Sunday, August 7, 2011

Why I Hate Pirated Television: My Community Shield Agony

http://www.uefa.com/MultimediaFiles/Photo/competitions/DomesticLeague/01/65/69/75/1656975_w2.jpgThe problems started with an absent satellite. It was Thursday, three days prior to English football's traditional curtain raiser, and I was getting my first glimpse of the new house. On holiday in London, this was the house which I would occupy for the next two weeks - a crucial two weeks, the opening two weeks of the season. And there was no satellite. No satellite, no Sky. No Sky... no football.

It is difficult to articulate the agony I felt at the absence of the satellite, but I'll have a go. It was the sort of feeling you get upon realizing that what will likely be the only weeks of 100% optimism all season long, are going to be spent next to a radio. Mind you, I have nothing against radio, it's just that it makes a poor substitute for the real thing. And the crowd always reacts before the commentator. I briefly thought of pubs.
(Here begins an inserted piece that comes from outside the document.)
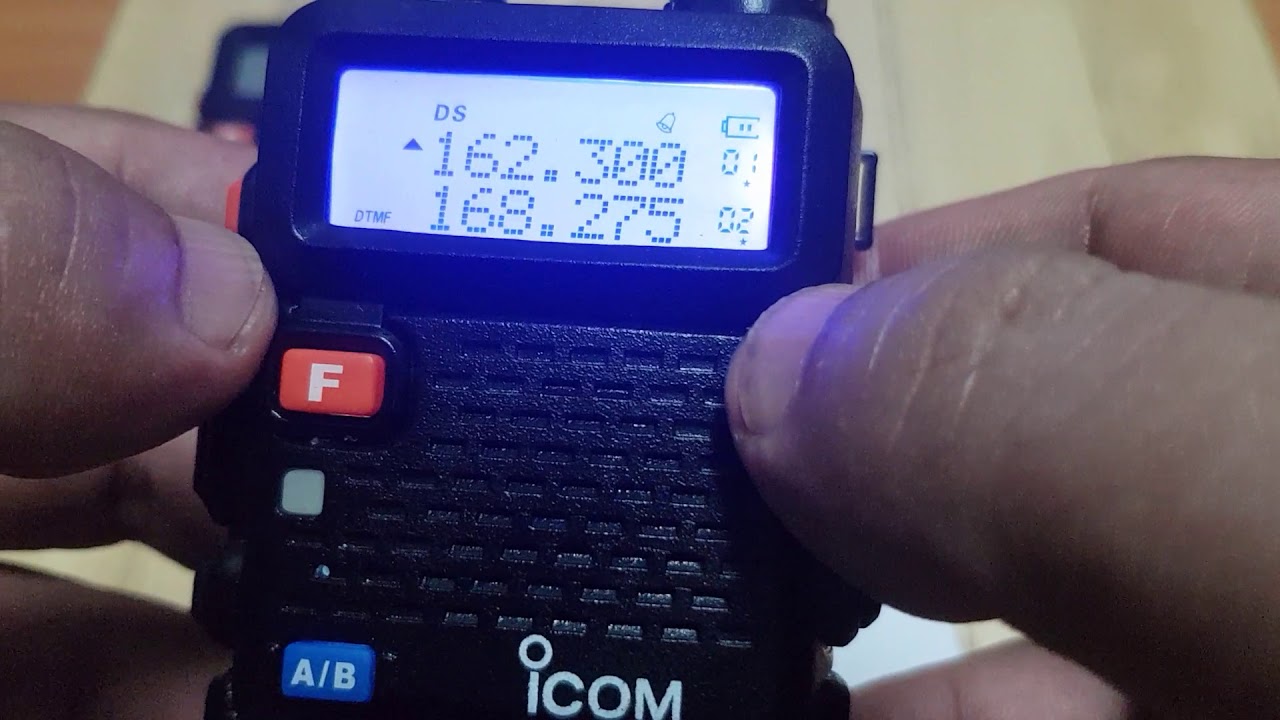 วิธีรีเซทเครื่อง Icom V90 รุ่น3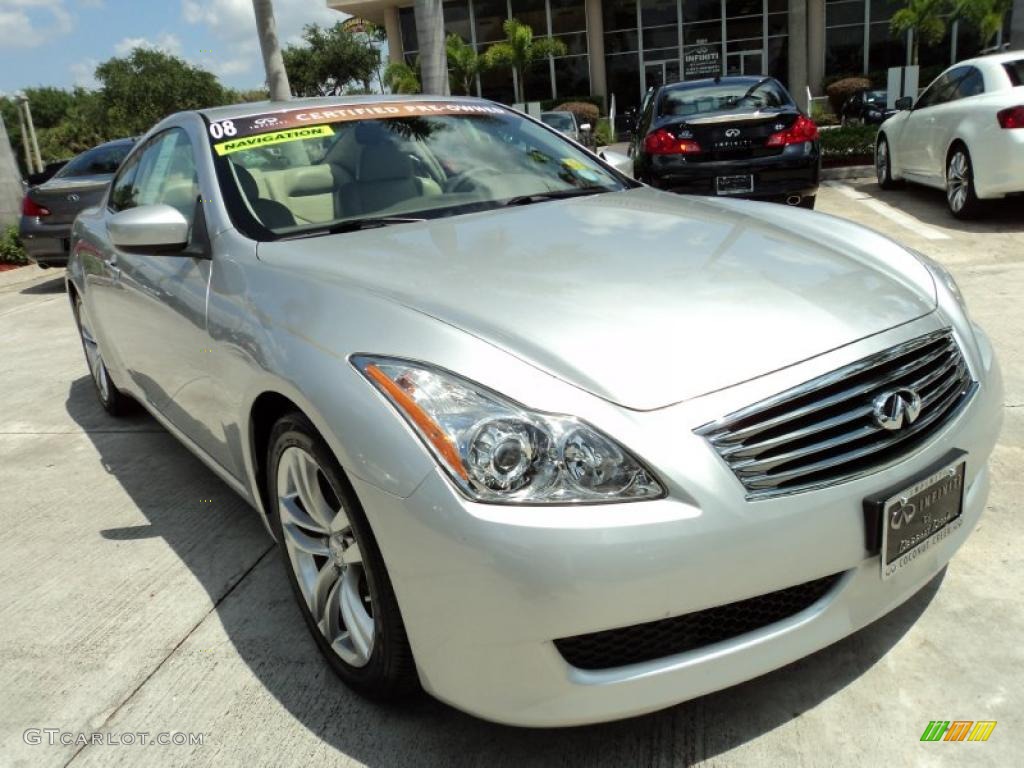 Liquid Platinum Silver 2008 Infiniti G 37 Journey Coupe Exterior Photo #49630349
Unfortunately, I didn't have a car, and my home base was far enough away from the center of London, that I would have had to shell out on public transportation to get to one.

I'm a very bad watcher of games, and an even worse listener. Three-one up with ten minutes to go against Arsenal in 2010, I was so frightened of seeing United blow their lead that I switched the channel, choosing instead to take in the last few minutes of American sitcom Friends.  There is nothing like cheesy comedy to relieve stress. However, my watching woes bare no comparison to my listening ones. Against Birmingham, on the opening day of the 2009/10 season, I found out that MUTV online didn't carry live Premier League matches. What it did carry was Key 103 - radio Manchester - live commentary on all of United's games. It would have to do. It didn't. 1-0 up with ten or so minutes left, Birmingham striker Christian Benitez was denied a goal by a brilliant Ben Foster save (yes, I used brilliant and Ben Foster in the same sentence) but it seemed from the inflection in the commentator's voice, that Ben Foster had been beaten - a plausible conclusion to draw from any situation involving that keeper, he was frightful at Old Trafford. I spent the last eight minutes watching, you guessed it, Friends.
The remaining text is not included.